How to Run with the YARN resource manager¶
Overview¶
This script runs on the Spark cluster with the YARN resource manager and returns the hostname of each node in the cluster.
Who is this for?¶
This how-to is for users of a Spark cluster who wish to run Python code using the YARN resource mananger.
Spark YARN Summary¶
Before you start¶
To execute this example, download the cluster-spark-yarn.py example script
to your cluster.
For this example, you’ll need Spark running with the YARN resource manager. You can install Spark and YARN using an enterprise Hadoop distribution such as Cloudera CDH or Hortonworks HDP.
Running the Job¶
Here is the complete script to run the Spark + YARN example in PySpark:
# cluster-spark-yarn.py
from pyspark import SparkConf
from pyspark import SparkContext
conf = SparkConf()
conf.setMaster('yarn-client')
conf.setAppName('spark-yarn')
sc = SparkContext(conf=conf)
def mod(x):
import numpy as np
return (x, np.mod(x, 2))
rdd = sc.parallelize(range(1000)).map(mod).take(10)
print rdd
Note: you may have to install NumPy with acluster conda install numpy
.
Run the script on the Spark cluster with
spark-submit.
The output shows the first ten values that were returned from the cluster-spark-basic.py
script.
16/05/05 22:26:53 INFO spark.SparkContext: Running Spark version 1.6.0
[...]
16/05/05 22:27:03 INFO scheduler.TaskSetManager: Starting task 0.0 in stage 0.0 (TID 0, localhost, partition 0,PROCESS_LOCAL, 3242 bytes)
16/05/05 22:27:04 INFO storage.BlockManagerInfo: Added broadcast_0_piece0 in memory on localhost:46587 (size: 2.6 KB, free: 530.3 MB)
16/05/05 22:27:04 INFO scheduler.TaskSetManager: Finished task 0.0 in stage 0.0 (TID 0) in 652 ms on localhost (1/1)

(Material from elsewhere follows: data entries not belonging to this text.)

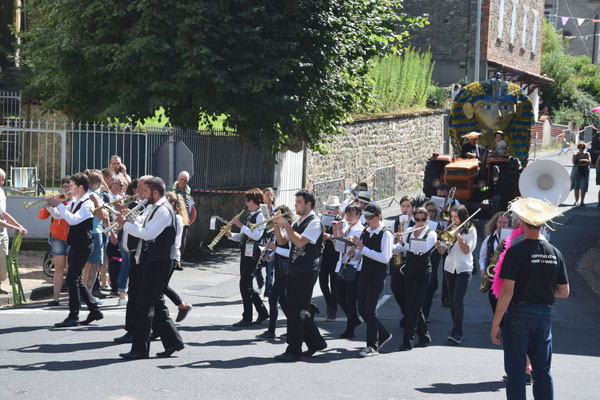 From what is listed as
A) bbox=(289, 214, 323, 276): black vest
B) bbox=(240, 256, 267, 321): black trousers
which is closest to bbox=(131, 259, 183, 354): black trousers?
bbox=(289, 214, 323, 276): black vest

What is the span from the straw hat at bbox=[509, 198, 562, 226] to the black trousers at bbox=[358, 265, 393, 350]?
280 centimetres

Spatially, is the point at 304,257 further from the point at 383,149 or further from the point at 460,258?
the point at 383,149

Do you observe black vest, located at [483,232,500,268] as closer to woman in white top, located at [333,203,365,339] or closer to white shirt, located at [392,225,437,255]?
white shirt, located at [392,225,437,255]

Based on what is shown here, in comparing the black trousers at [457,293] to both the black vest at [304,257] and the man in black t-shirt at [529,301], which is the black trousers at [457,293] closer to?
the black vest at [304,257]

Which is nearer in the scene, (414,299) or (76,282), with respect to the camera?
(414,299)

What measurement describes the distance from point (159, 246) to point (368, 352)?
8.48ft

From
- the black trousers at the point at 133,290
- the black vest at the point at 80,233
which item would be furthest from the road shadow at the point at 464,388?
the black vest at the point at 80,233

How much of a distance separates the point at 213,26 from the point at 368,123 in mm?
10425

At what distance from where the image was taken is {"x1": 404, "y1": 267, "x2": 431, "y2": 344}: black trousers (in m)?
9.67

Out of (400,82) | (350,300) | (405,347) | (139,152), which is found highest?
(400,82)

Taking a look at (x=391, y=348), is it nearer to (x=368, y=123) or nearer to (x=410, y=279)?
(x=410, y=279)

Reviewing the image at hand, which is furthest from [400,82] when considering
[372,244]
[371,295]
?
[371,295]

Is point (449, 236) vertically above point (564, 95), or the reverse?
point (564, 95)

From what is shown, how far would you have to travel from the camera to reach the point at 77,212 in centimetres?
1030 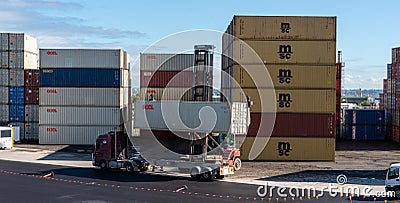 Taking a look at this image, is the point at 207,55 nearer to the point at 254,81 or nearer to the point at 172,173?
the point at 254,81

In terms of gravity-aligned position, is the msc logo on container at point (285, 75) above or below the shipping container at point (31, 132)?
above

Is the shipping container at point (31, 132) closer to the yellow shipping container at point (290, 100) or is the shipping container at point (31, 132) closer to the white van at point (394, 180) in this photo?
the yellow shipping container at point (290, 100)

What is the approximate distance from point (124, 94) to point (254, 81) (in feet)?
53.8

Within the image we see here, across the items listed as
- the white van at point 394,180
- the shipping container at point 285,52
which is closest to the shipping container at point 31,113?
the shipping container at point 285,52

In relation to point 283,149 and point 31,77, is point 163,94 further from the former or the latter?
point 283,149

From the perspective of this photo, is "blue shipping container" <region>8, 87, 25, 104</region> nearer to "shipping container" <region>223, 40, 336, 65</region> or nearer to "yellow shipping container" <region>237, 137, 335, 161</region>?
"shipping container" <region>223, 40, 336, 65</region>

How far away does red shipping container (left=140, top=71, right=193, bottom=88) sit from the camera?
47.5 metres

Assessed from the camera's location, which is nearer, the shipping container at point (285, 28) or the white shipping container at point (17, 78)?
the shipping container at point (285, 28)

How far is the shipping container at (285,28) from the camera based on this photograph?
38.3 m

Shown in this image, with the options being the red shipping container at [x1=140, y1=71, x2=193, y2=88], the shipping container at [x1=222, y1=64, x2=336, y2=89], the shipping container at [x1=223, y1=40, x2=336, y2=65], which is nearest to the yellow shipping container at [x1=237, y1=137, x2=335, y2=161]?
the shipping container at [x1=222, y1=64, x2=336, y2=89]

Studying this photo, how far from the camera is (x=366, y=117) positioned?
188 feet

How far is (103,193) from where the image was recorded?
25062mm

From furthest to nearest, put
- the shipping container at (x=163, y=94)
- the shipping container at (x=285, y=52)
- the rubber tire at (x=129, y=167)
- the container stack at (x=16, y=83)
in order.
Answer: the container stack at (x=16, y=83) < the shipping container at (x=163, y=94) < the shipping container at (x=285, y=52) < the rubber tire at (x=129, y=167)

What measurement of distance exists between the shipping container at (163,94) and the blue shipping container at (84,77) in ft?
8.97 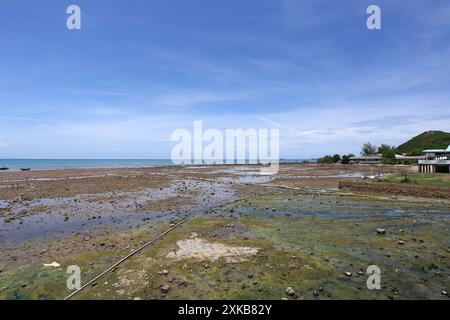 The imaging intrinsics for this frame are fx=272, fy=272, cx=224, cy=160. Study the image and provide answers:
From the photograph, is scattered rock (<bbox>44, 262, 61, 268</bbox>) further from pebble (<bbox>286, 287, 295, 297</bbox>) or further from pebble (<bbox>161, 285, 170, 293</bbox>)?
pebble (<bbox>286, 287, 295, 297</bbox>)

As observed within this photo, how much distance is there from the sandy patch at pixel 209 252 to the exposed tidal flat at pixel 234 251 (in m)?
0.04

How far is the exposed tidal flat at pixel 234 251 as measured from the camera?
24.6ft

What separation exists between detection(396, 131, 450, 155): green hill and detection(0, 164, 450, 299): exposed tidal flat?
488 ft

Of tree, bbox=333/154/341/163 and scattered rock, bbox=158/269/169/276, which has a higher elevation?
tree, bbox=333/154/341/163

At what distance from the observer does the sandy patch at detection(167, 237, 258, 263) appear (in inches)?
380

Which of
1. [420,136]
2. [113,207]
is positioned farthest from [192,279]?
[420,136]

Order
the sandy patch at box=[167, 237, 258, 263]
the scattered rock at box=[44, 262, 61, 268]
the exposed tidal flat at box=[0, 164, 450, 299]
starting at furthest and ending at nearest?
the sandy patch at box=[167, 237, 258, 263]
the scattered rock at box=[44, 262, 61, 268]
the exposed tidal flat at box=[0, 164, 450, 299]

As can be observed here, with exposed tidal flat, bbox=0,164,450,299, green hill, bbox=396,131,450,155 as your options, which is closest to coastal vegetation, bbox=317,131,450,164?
green hill, bbox=396,131,450,155

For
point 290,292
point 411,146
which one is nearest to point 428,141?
point 411,146

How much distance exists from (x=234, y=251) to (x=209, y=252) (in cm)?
94

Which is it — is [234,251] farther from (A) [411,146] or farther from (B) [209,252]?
(A) [411,146]

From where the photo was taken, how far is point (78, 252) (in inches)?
416

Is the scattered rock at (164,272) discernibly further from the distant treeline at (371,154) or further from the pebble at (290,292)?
the distant treeline at (371,154)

16/05/05 22:27:04 INFO cluster.YarnScheduler: Removed TaskSet 0.0, whose tasks have all completed, from pool
16/05/05 22:27:04 INFO scheduler.DAGScheduler: ResultStage 0 (runJob at PythonRDD.scala:393) finished in 4.558 s
16/05/05 22:27:04 INFO scheduler.DAGScheduler: Job 0 finished: runJob at PythonRDD.scala:393, took 4.951328 s
[(0, 0), (1, 1), (2, 0), (3, 1), (4, 0), (5, 1), (6, 0), (7, 1), (8, 0), (9, 1)]
Troubleshooting¶
If something goes wrong consult the FAQ / Known issues page.